Em Dante, obra, discurso e atitude parecem e aparecem entrelaçados por um estar no mundo democraticamente, por um "espírito democrático," como disse Maria Helena Souza Patto.

Ele indica, ainda hoje, possíveis passos e respostas para profundas inquietações vividas nas universidades públicas, na ciência e nas relações interpessoais: militou pela transposição dos muros da academia; praticou o diálogo com áreas das ciências humanas; criticou a insuficiência das especializações.

Nas relações humanas - tão marcadas, escancaradamente ou implicitamente, pela hierarquização, pela extrema valorização e disputa por lugares de poder, pela intolerância às diferenças cada vez mais e mais acentuada - Dante legou um outro estar no mundo, estimando a atenção, o contato e a generosidade.

Da imagem à obra

Os depoimentos assinalam a intensa dedicação de Dante Moreira Leite à pesquisa, ao ensino e à escrita, bem como a originalidade de sua produção acadêmica.

O exame dos títulos e natureza de suas publicações permite um primeiro delineamento da extensão de sua produção, bem como do panorama de seus temas.

Os livros publicados são sete: Psicologia e Literatura e O Caráter Nacional Brasileiro: História de uma Ideologia, respectivamente adaptações das teses de livre-docência e doutorado; O Amor Romântico e Outros Temas, coletânea de artigos sobre Psicologia e literatura; Personalidade e O Desenvolvimento da Criança: Leituras Básicas, ambos livros de textos básicos; Psicologia Diferencial e as notas de rodapé de Nossa Vida Mental de Wells e Huxley (1941).
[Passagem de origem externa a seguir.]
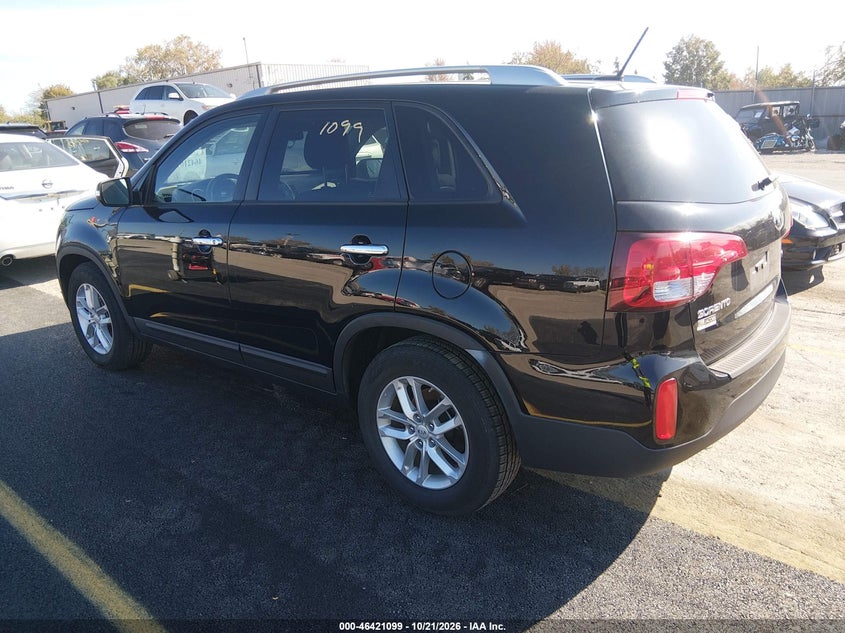 Vin: 5xykt4a62fg570904, lot: 46921465, kia sorento lx 20153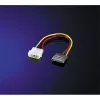 Toiteadapterkaabel ROLINE 4-kontaktiline HDD-SATA 0,15 m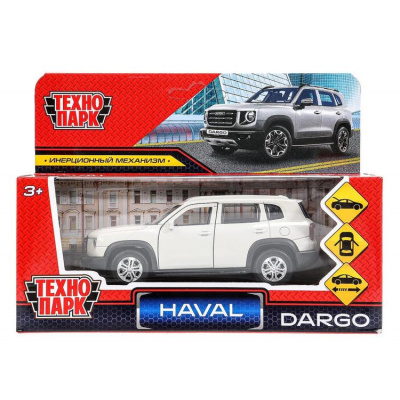 Большое фото товара - Модель Инерционная Технопарк Haval DARGO (12см, металл, открываются двери и багажник, серый, в коробке) DARGO-12-SR, (Shantou City Daxiang Plastic Toy Products Co., Ltd), 11-230179. Вариант №1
Paralelamente, sua produção como articulista de periódicos e jornais chega a 58 artigos. Naqueles publicados em periódicos e livros destacam-se os temas: educação; tradução e linguagem; literatura e educação; caráter nacional; preconceito racial, entre outros. Nos publicados em jornais: ofício do tradutor; educação; ficção; biografia e auto-biografia; a ficção de Guimarães Rosa; Psicologia ingênua de Fritz Heider, entre outros.
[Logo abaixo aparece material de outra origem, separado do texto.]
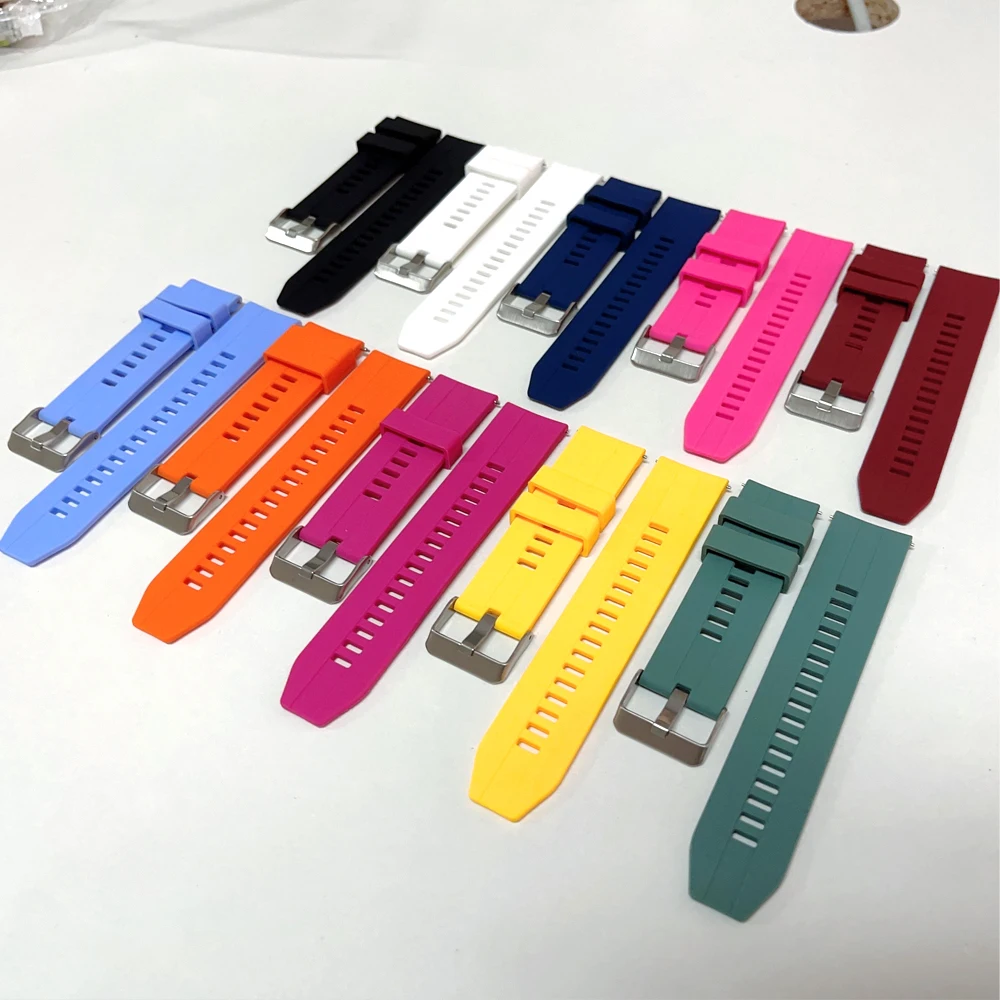 22mm Watch Strap For Huawei Watch Gt 3/2/2E Pro/Gt2 46mm Silicone Wristband Bracelet Watchband Huawei watch 3 GT3 Honor Magic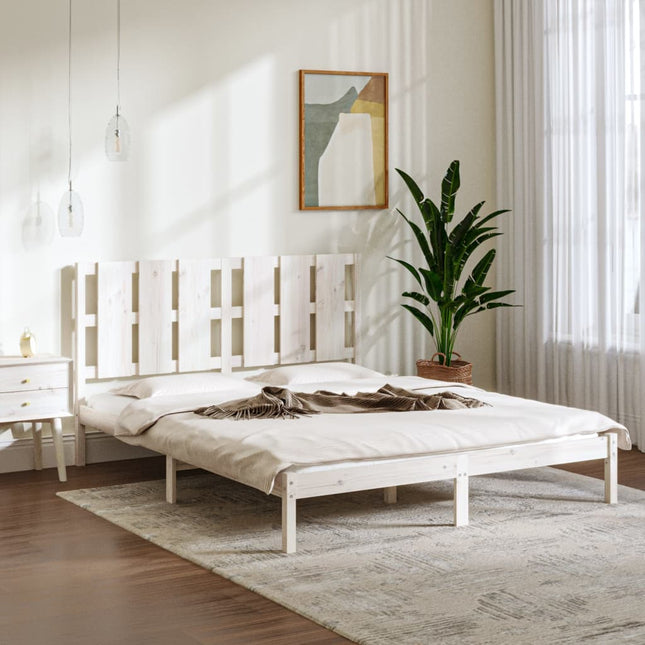 Bedframe Massief Grenenhout 160 x 200 cm Wit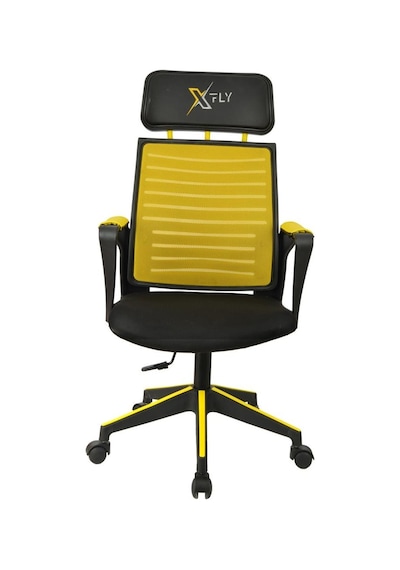 Xfly Plastik Ayaklı Oyuncu Koltuğu - Sarı File - 2395D0551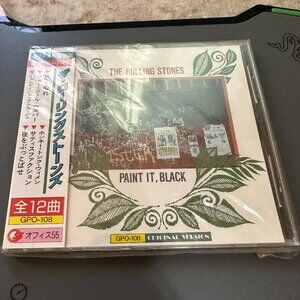 The Rolling Stones Paint it, Black CD with OBI Office 55 GPO-108 Japan Import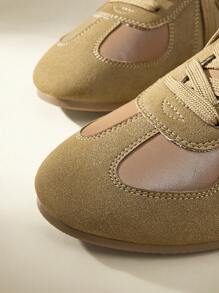 CUCCOO EASI Giày thể thao nữ thời trang thoải mái giản dị thiết kế tối giản - Màu Khaki - Xem 10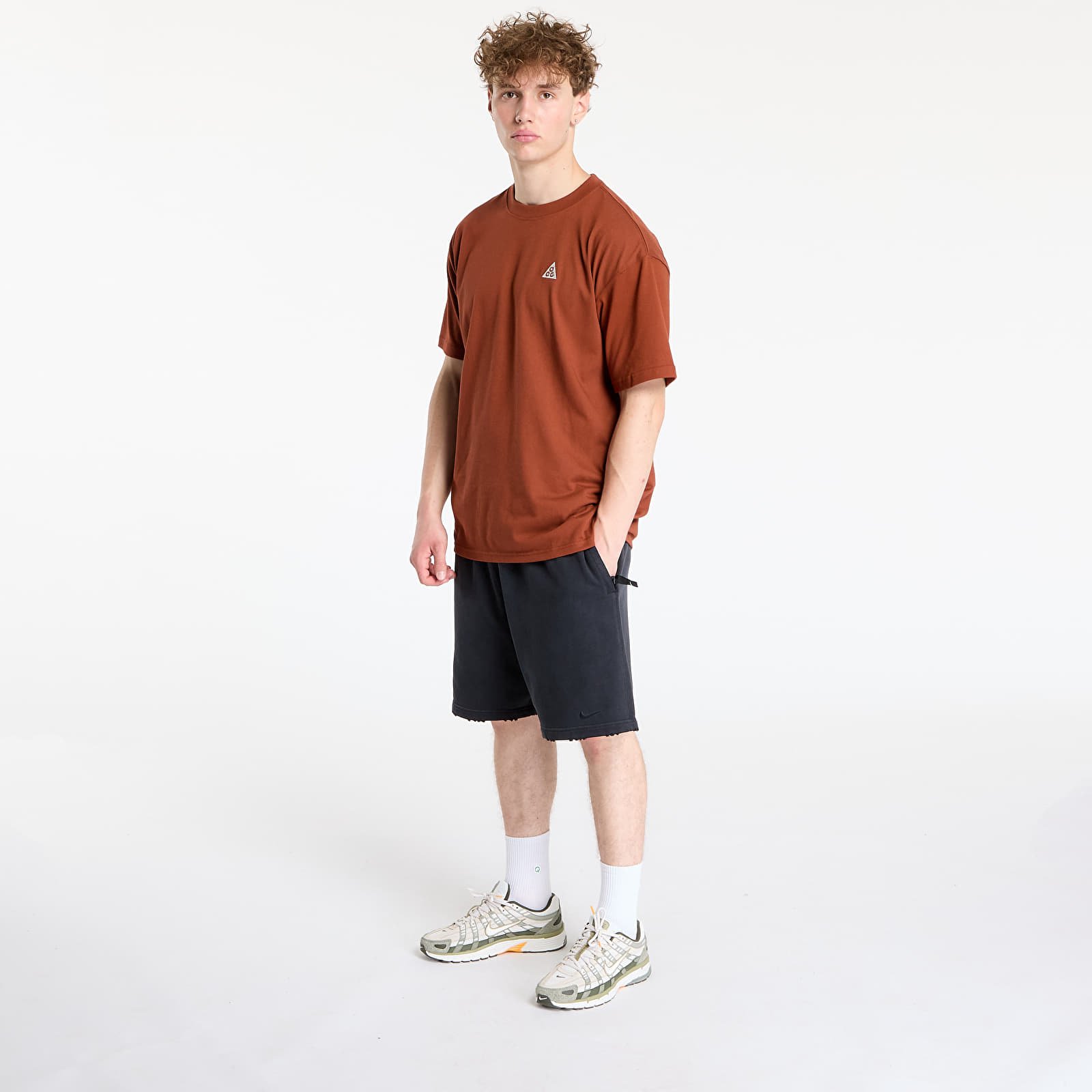Rövidnadrágok Nike Solo Swoosh Men's French Terry Shorts Black/ Black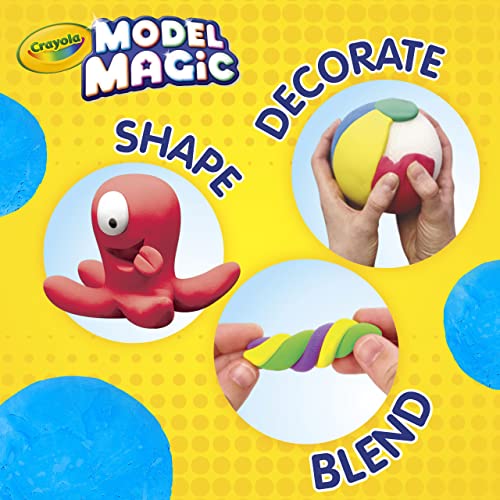 Crayola Model Magic Modeling Compound, Blue, 4 oz. Pouch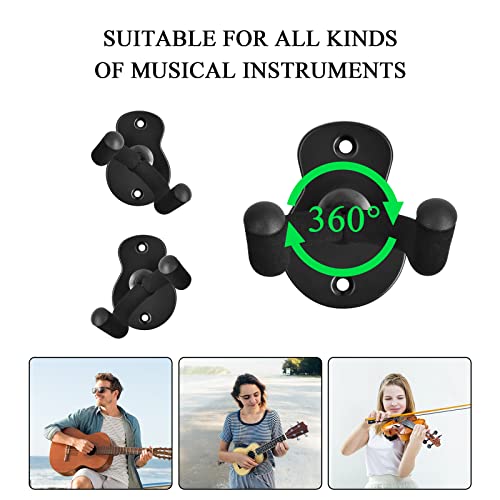 Naapesi Lot de 2 Support Mural Guitare, Crochet de Guitare en Métal pour Guitare avec Éponge de Protection, pour Ukulélé… - Les Beatles, Paul McCartney, John Lennon, RIngo Starr, George Harrison Naapesi Lot de 2 Support Mural Guitare, Crochet de Guitare en Métal pour Guitare avec Éponge de Protection, pour Ukulélé… – Image 6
Dante Moreira Leite foi muito ativo como tradutor, aliando seu conhecimento de línguas à sua formação psicológica ampla. São 47 livros traduzidos, abarcando um largo espectro de temas psicológicos, tais como: Psicologia social, educacional, da personalidade, do desenvolvimento, da aprendizagem; Psicologia clínica; dinâmica de grupo; inteligência; percepção, entre outros. Livros fundamentais para o estudo básico de Psicologia tornaram-se disponíveis em língua portuguesa através de seu trabalho de tradução e caberia citar alguns: Testes Psicológicos, de Anastasi (1977); Personalidade, de Allport (1966); Psicologia das Relações Interpessoais, de Heider (1970); Teorias do Desenvolvimento da Criança, de Baldwin (1973); Da Psicologia da Criança à do Adolescente, de Piaget e Inhelder; Psicologia Social, de Asch (1966); Elementos de Psicologia, de Krech e Crufchfield (1963); De Pessoa para Pessoa, de Rogers (1978). Atribuía à tradução destes livros um caráter didático, pois considerava fundamental, para a formação de seus alunos, o acesso à literatura de qualidade em versões bem cuidadas. Ao lado de livros básicos de Psicologia, traduziu, também, livros que poderiam ser considerados "de vanguarda," por seu caráter inovador e crítico com relação a teorias e práticas hegemônicas no circuito universitário brasileiro, como por exemplo Manicômios, Prisões e Conventos de Goffman (1987) ou A Fabricação da Loucura de Szasz (1978).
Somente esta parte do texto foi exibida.